## [TRY IT]
Find the line with "Skoda Fabia Mk2" in the entries below, then output every line from it down to the line with "Jimmy Choo Man", exactly and with no pictures.

## [INFORMATION GIVEN]

= = = = = = =

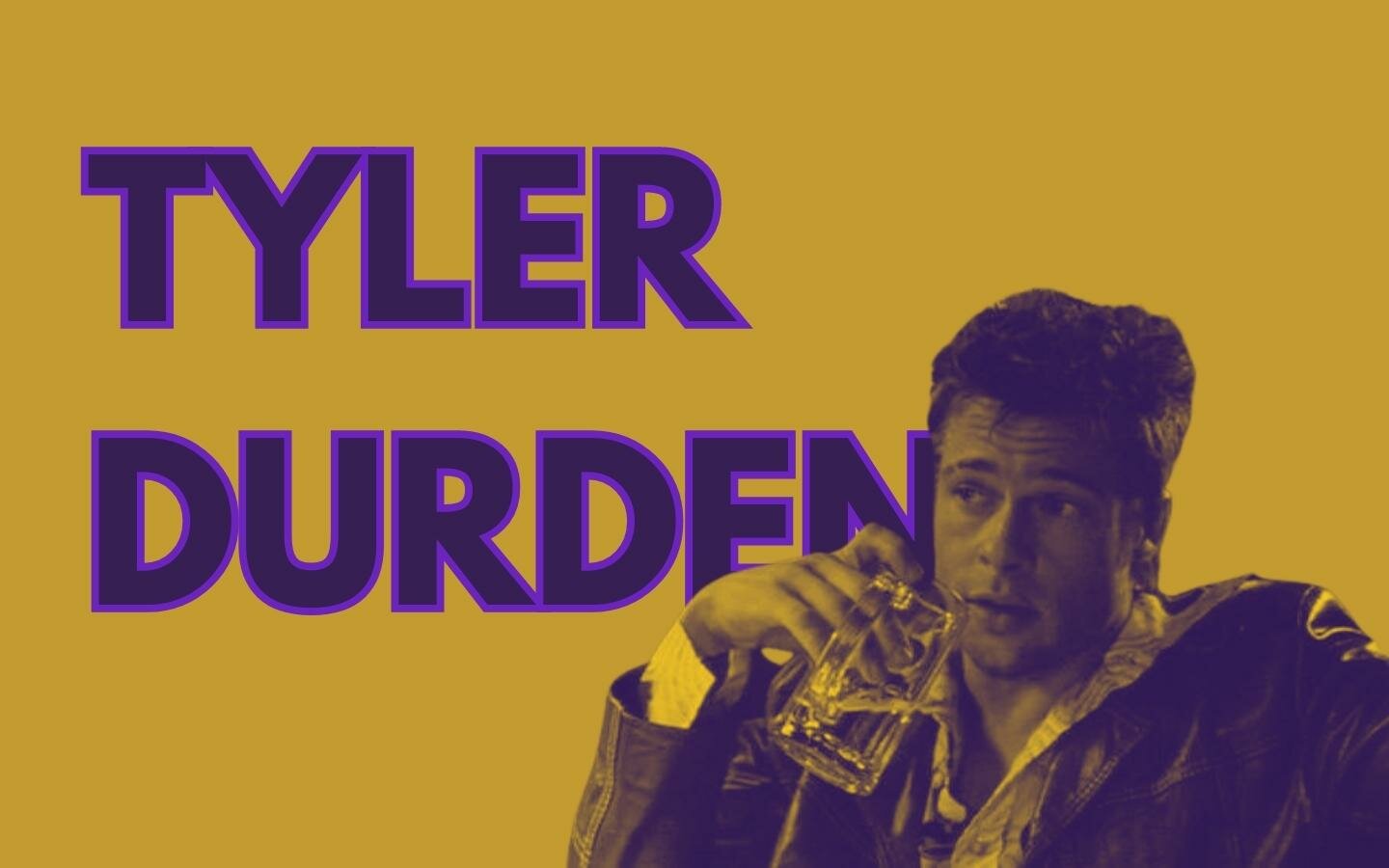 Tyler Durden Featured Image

= = = = = = =

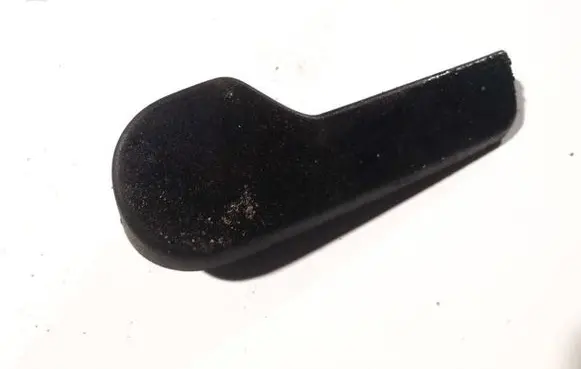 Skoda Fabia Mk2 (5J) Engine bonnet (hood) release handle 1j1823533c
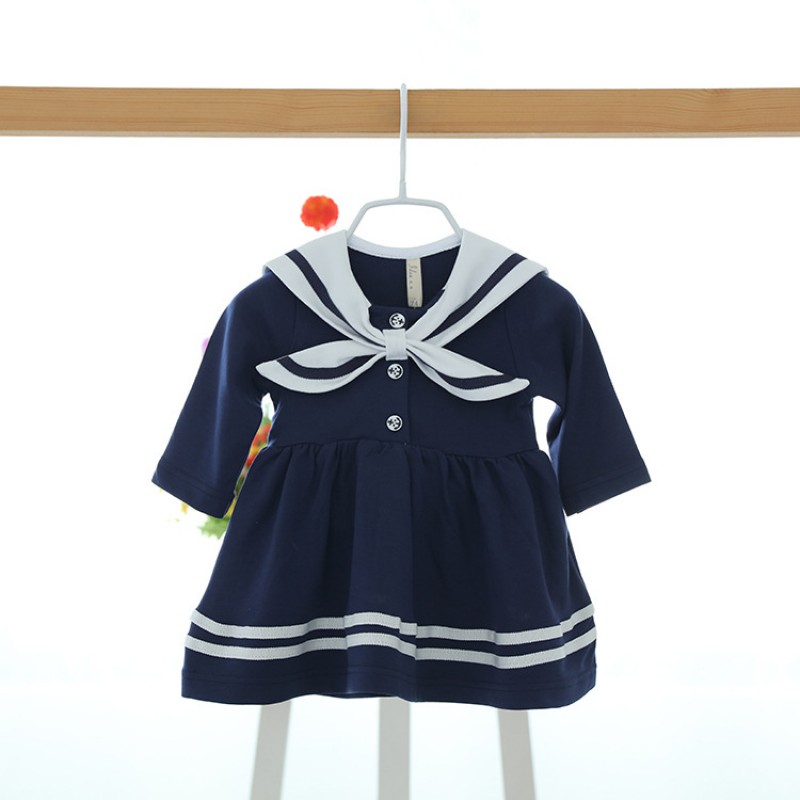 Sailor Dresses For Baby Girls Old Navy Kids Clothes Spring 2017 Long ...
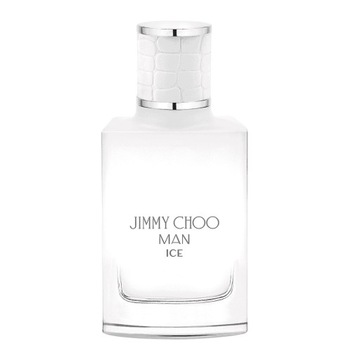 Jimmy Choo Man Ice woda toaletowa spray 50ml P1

= = = = = = =

## [SOLVED PROBLEM]
 Skoda Fabia Mk2 (5J) Engine bonnet (hood) release handle 1j1823533c
 Sailor Dresses For Baby Girls Old Navy Kids Clothes Spring 2017 Long ...
 Jimmy Choo Man Ice woda toaletowa spray 50ml P1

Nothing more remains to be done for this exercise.